%%

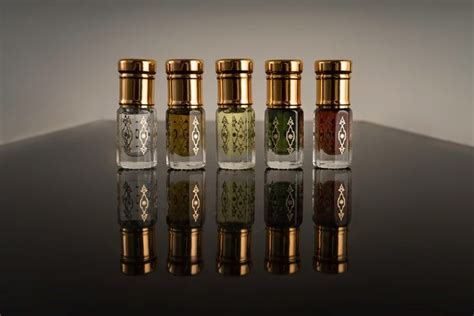 Perfume Gift Set 5x3ml Fragrance Oils Amber Oud Mitti Bakhoor Jannat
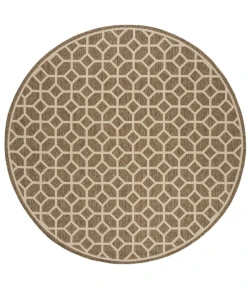 Safavieh Linden  Beige / Cream LND127 6 ft. 7 in. X 6 ft. 7 in. Round Rug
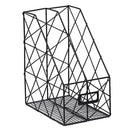 Nordic Ins Simple Wrought Iron Desktop Books Organizer Storage Rack Bookshelf Documents Magazine Storage Box File Holder Office Racks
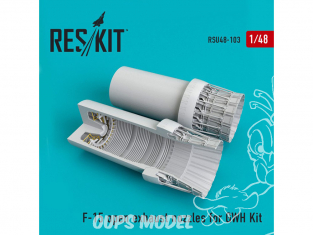 ResKit kit d'amelioration Avion RSU48-0103 Tuyère ouverte de F-15 pour kit GWH 1/48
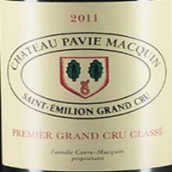 柏菲瑪凱酒莊紅葡萄酒(Chateau Pavie Macquin, Saint-Emilion Grand Cru, France)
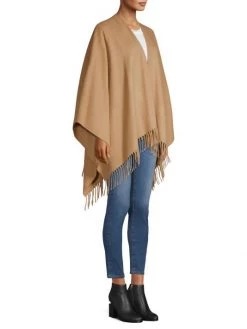Rag & Bone Fringe-Trim Cashmere Poncho Heather Grey -Rag & bone Sales Shop unnamed file 1928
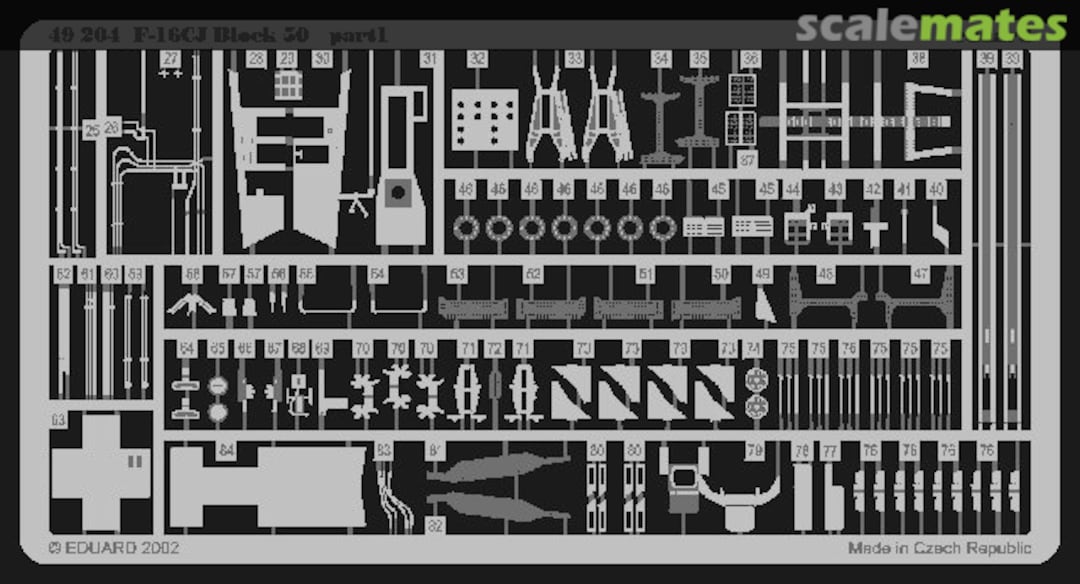 Boxart F-16CJ Block 50 49204 Eduard Boxart F-16CJ Block 50 49204 Eduard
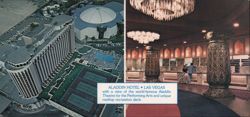 Aladdin Hotel Las Vegas, Theatre, Rooftop Deck Large Format Postcard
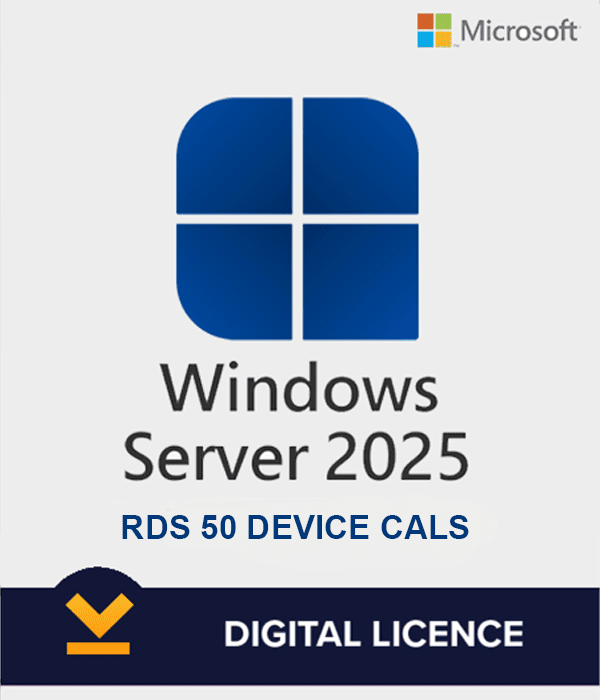 Microsoft Windows server 2025 RDS 50 device cals
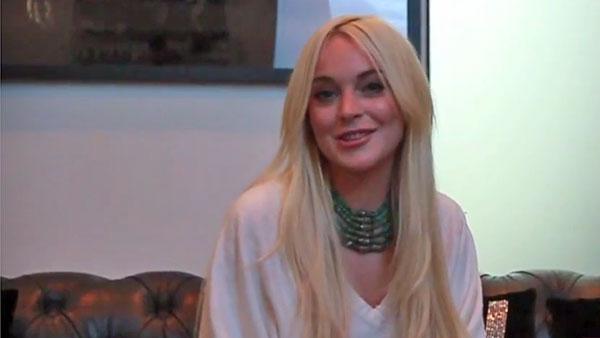 Lindsay Lohan appears in a still from her ad for Beezid. - Provided courtesy of Beezid.com Lindsay Lohan appears in a still from her ad for Beezid. - Provided courtesy of Beezid.com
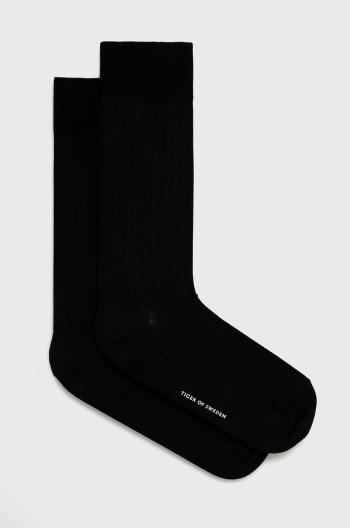 Ponožky Tiger Of Sweden pánske, čierna farba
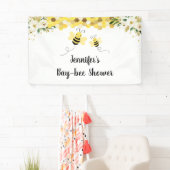 ビー金ゴールドフローラ男女兼用ベビーシャワー 横断幕 (インサイチュ)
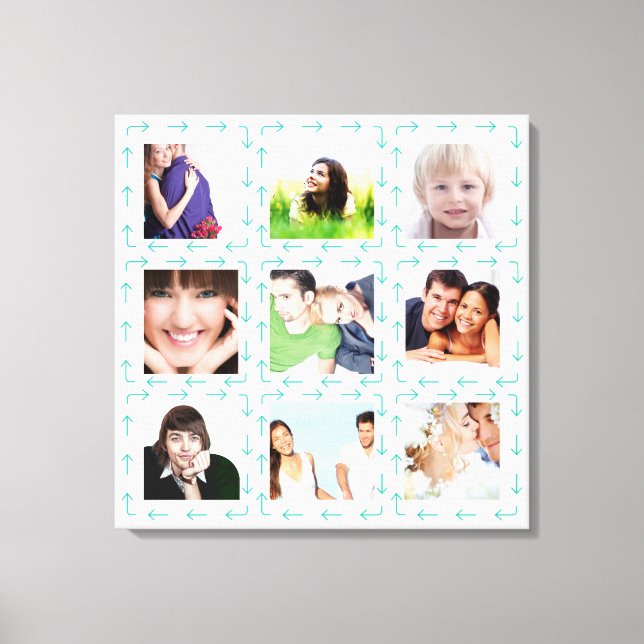 Personalised Instagram Photo Collage Canvas Print (Front)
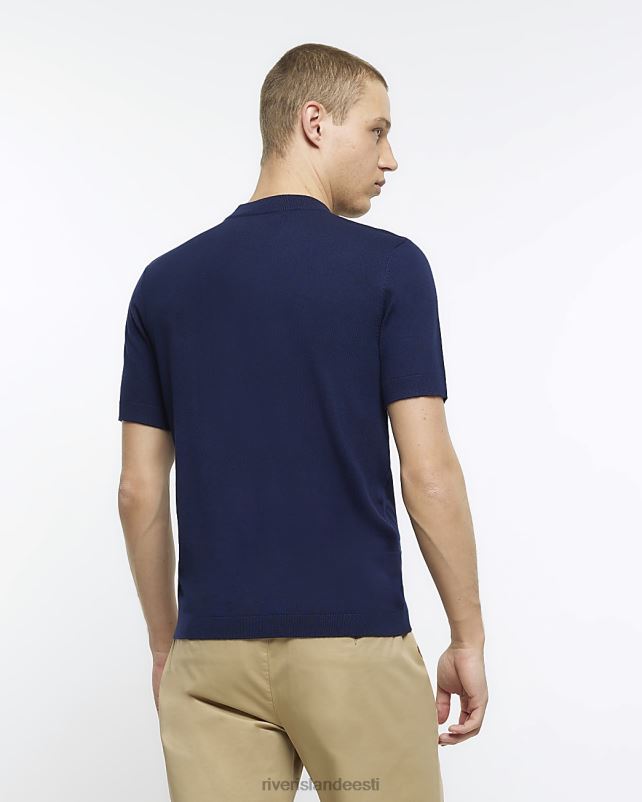 kehakate merevägi mehed River Island slim fit kootud T-särk 44TLL3001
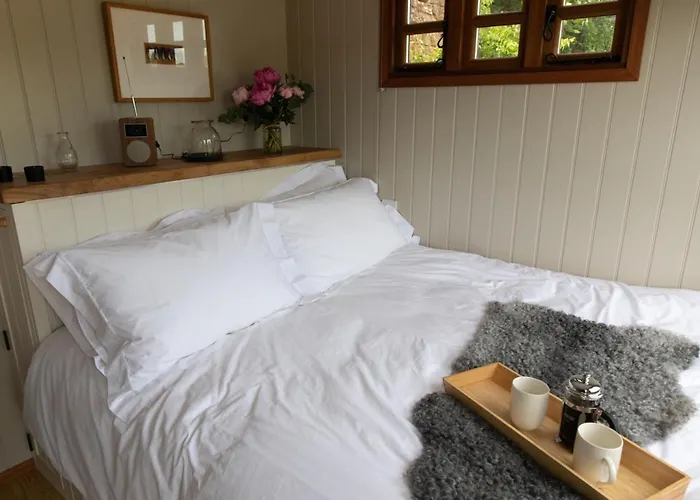 木屋 Luxury, Rural Shepherds Hut With Hot Tub Nr Bath *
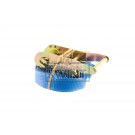 Sjorbanden 25mm blauw 1 delig met open ratel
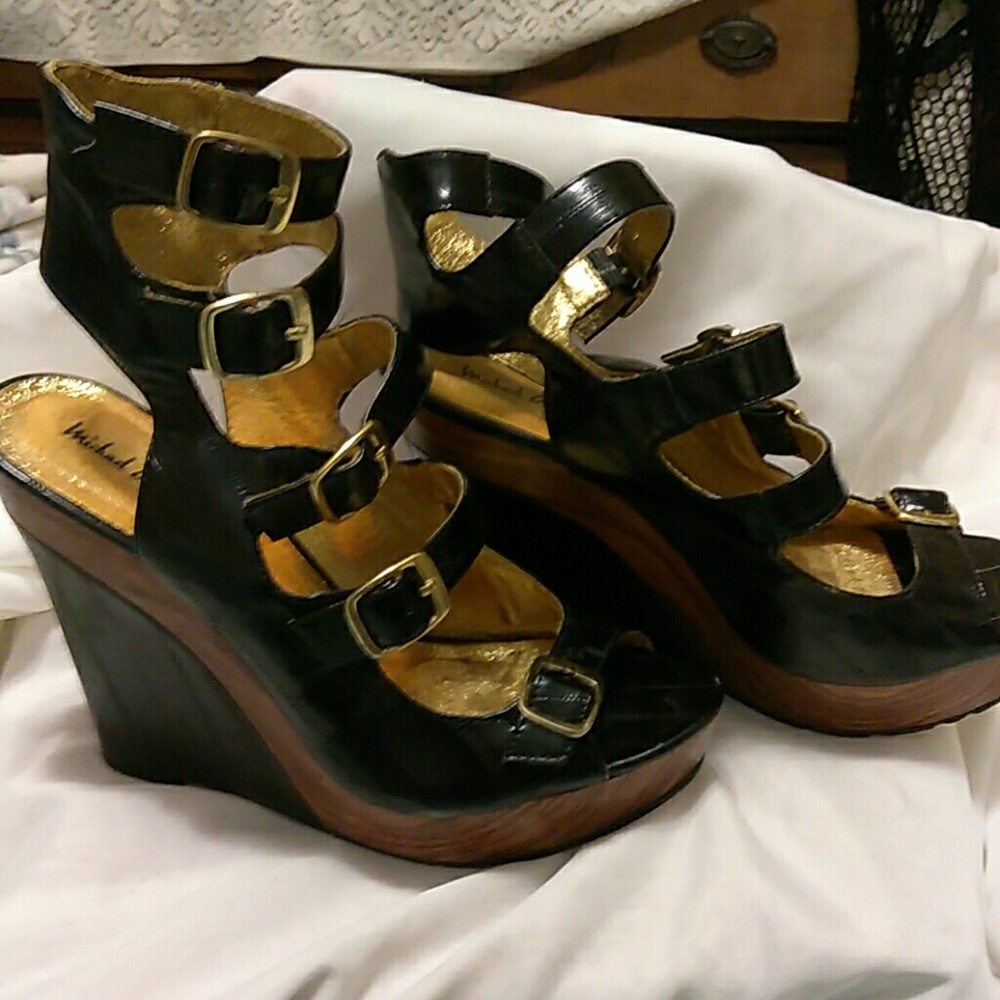 Black platform shoes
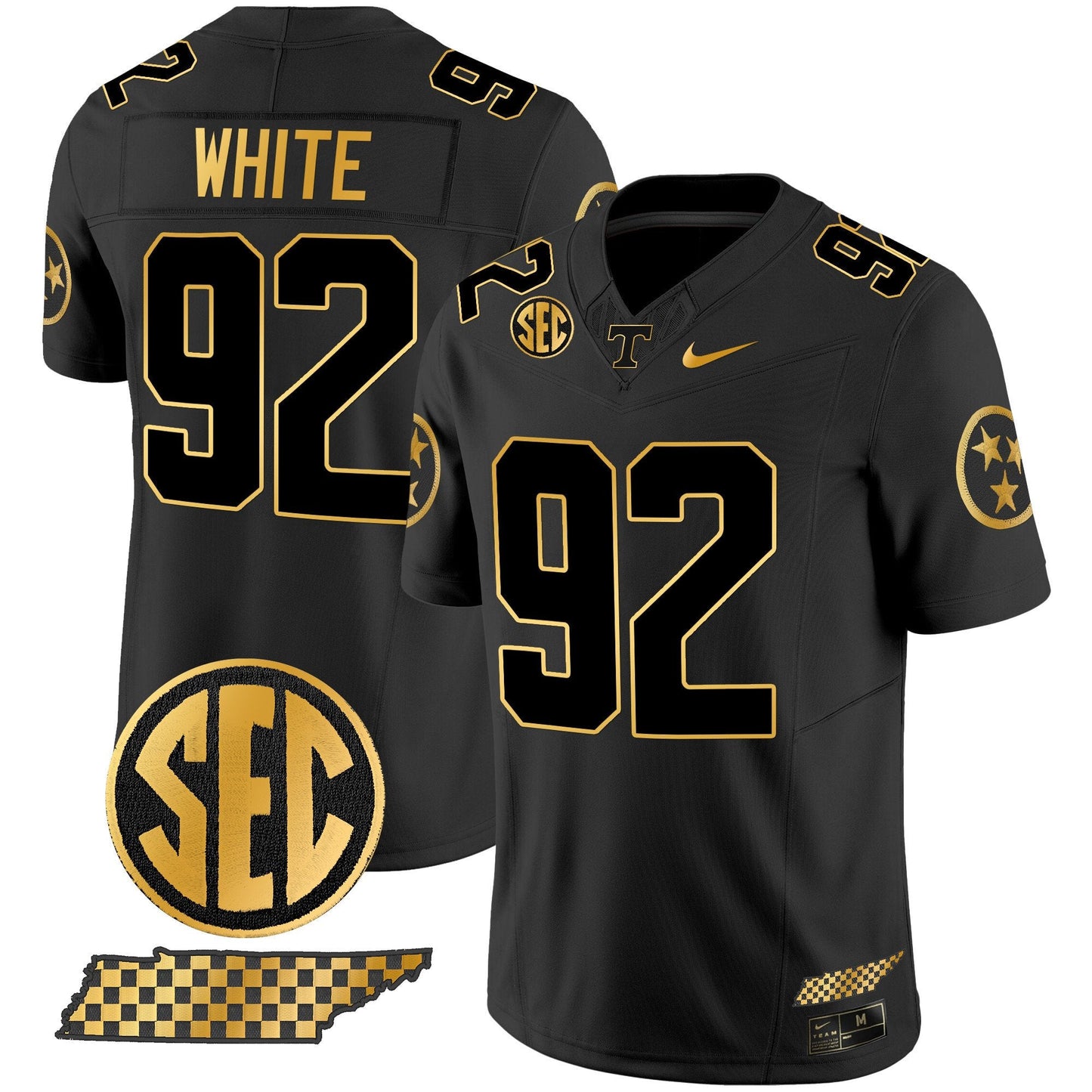 Tennessee Volunteers 2024 Gold Vapor Limited Jersey V2 - All Stitched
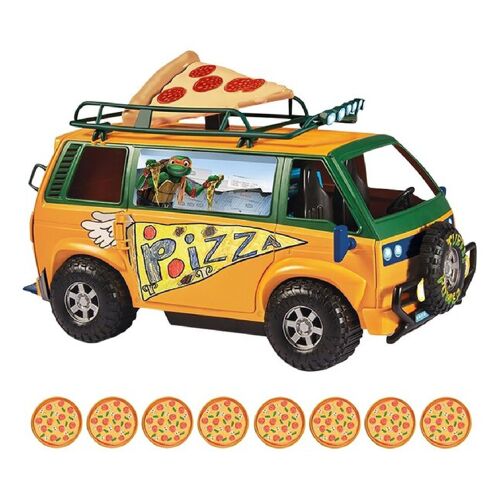 Figurine Tortues Ninja Pizza Van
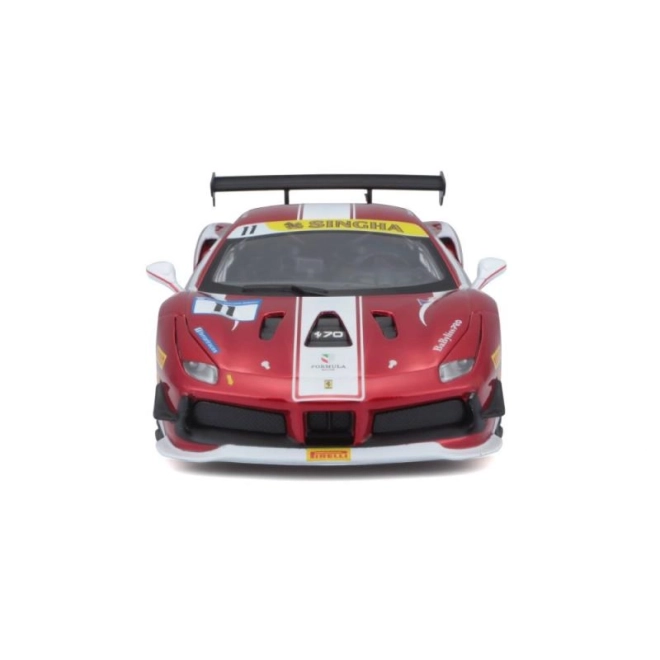 Model auto Ferrari 488 Challenge 2017 de la Bburago la scară 1:24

%%

To do - If a picture appears among the records, leave it out, and otherwise reproduce exactly every line from the first line through the one with "Microsoft Windows server", both included.

Response -
 Perfume Gift Set 5x3ml Fragrance Oils Amber Oud Mitti Bakhoor Jannat
 Safavieh Linden  Beige / Cream LND127 6 ft. 7 in. X 6 ft. 7 in. Round Rug
 Nordic Ins Simple Wrought Iron Desktop Books Organizer Storage Rack Bookshelf Documents Magazine Storage Box File Holder Office Racks
 ResKit kit d'amelioration Avion RSU48-0103 Tuyère ouverte de F-15 pour kit GWH 1/48
 柏菲瑪凱酒莊紅葡萄酒(Chateau Pavie Macquin, Saint-Emilion Grand Cru, France)
Rag & Bone Fringe-Trim Cashmere Poncho Heather Grey -Rag & bone Sales Shop unnamed file 1928
 Boxart F-16CJ Block 50 49204 Eduard Boxart F-16CJ Block 50 49204 Eduard
 Aladdin Hotel Las Vegas, Theatre, Rooftop Deck Large Format Postcard
 Microsoft Windows server 2025 RDS 50 device cals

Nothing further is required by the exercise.